IHS Markit principal economist Bernard Aw said the weak peso, compounded by sluggish output growth, slowed the country’s manufacturing sector in September, with the Purchasing Managers’ Index (PMI) indicating a subdued growth during the month.
Despite the modest PMI number in September, however, confidence remains in the manufacturing sector, as the country still has the second-highest PMI in the region during the month, after Vietnam.
In a report released by Nikkei and IHS Markit on Monday, data showed that the country’s PMI stood at 50.8 in September, slightly up from the record-low 50.6 in August. The report said the improvement in the sector is “marginal” and the September result is the second-weakest PMI print of the country since the survey started in January 2016.
The PMI is a composite index, calculated as a weighted average of five individual sub-components. Readings above 50 signal an improvement in business conditions on the previous month, while readings below 50 show deterioration.
Vietnam’s manufacturing sector continues to lead the region’s industrial expansion during the month, registering a PMI of 53.3. The Philippines came in second with its 50.8, followed by Indonesia’s 50.4 and Thailand’s 50.3.
Meanwhile, the three countries in the region whose manufacturing sectors were in contraction mode were Malaysia, with its PMI at 49.9, Myanmar at 49.4 and Singapore at the bottom with 48.6.
The report said output volumes were partly to blame, as they rose with the weakest rate since the survey started last year amid modest sales.

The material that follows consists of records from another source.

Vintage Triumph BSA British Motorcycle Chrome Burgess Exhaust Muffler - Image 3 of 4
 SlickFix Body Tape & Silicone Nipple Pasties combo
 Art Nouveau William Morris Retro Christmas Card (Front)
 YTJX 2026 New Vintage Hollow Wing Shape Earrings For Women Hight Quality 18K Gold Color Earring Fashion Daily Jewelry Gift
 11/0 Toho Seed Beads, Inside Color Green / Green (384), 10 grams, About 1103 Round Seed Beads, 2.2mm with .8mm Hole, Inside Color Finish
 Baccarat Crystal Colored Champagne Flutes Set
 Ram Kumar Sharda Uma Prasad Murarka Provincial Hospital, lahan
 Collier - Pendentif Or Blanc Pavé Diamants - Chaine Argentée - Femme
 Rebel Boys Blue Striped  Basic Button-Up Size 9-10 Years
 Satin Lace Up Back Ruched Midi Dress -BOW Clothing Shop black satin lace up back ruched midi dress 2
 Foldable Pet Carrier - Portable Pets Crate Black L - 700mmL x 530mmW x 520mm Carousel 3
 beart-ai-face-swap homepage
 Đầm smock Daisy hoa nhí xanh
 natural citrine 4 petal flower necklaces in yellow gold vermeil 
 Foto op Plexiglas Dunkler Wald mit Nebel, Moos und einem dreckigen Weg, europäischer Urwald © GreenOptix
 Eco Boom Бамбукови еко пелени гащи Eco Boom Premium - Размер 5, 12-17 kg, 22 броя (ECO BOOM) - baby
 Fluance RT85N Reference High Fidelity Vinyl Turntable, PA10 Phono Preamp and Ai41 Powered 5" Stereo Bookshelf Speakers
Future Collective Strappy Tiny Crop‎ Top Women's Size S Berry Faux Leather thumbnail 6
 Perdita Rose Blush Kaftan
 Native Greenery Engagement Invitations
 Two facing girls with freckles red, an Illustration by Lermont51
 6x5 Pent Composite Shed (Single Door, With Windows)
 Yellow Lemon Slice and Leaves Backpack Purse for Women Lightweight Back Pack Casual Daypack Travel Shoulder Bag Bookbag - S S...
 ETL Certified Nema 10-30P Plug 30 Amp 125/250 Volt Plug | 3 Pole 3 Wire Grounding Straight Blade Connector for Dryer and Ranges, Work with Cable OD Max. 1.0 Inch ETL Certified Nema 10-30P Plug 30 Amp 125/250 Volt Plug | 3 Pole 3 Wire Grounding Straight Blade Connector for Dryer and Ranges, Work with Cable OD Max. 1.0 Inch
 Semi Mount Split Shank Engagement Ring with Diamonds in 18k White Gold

Employment also shrank for the sector for the second straight month, and rising cost for raw materials was also said to have affected production plans during the period.
Aw also made mention of the peso’s weak performance during the month as one of the issues faced by local manufacturers.
“The weak peso continued to pose a problem for manufacturers. Not only did the cheaper currency fail to provide a boost to exports, it raised the costs of imports. Coupled with supply shortages due to bad weather, costs for manufacturing inputs, especially in industrial metal and paper, increased further. There were also reports of rising cost inflation affecting production levels,” Aw said.
The economist, however, pointed out that optimism regarding output remained high during the period, encouraging firms, in turn, to increase their purchases of inputs.
“Survey data indicated that a majority of surveyed companies still expect output to rise in the next 12 months on the back of new product launches, an improving economic climate, marketing activity and business expansions. That optimism, in turn, led
firms to step up input buying at the end of the third quarter,” the report read.
In a separate commentary, ING Bank Manila economist Joey Cuyegkeng said indicators are strong in recent months, reflecting strong economy and would likely support the third- quarter GDP.
Cuyegkeng added that the reversal of the country’s PMI downtrend in September could validate a strong GDP print for the country in the third quarter of the year.
The ING economist sees the country GDP growing by 6.5 percent to 6.6 percent in the July-to-September period.